TASK ITEM – Which lines of the entries contain the string "right"? Copy each of them.

TASK MATERIAL –
+ + + +

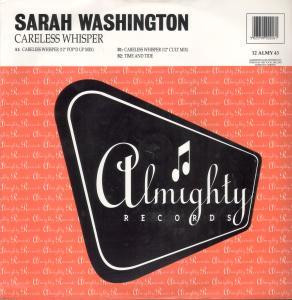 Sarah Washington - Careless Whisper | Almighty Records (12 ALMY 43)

+ + + +

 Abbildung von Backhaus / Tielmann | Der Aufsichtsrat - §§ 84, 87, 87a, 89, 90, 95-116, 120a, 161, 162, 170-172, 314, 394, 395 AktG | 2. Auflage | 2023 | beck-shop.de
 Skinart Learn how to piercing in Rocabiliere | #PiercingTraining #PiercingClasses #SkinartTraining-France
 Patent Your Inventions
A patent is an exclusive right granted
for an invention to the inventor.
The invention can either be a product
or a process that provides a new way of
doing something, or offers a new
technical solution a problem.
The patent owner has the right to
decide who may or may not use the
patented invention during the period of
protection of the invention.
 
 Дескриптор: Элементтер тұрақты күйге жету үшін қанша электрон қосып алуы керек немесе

+ + + +

RESULT OF THIS EXERCISE –
A patent is an exclusive right granted
The patent owner has the right to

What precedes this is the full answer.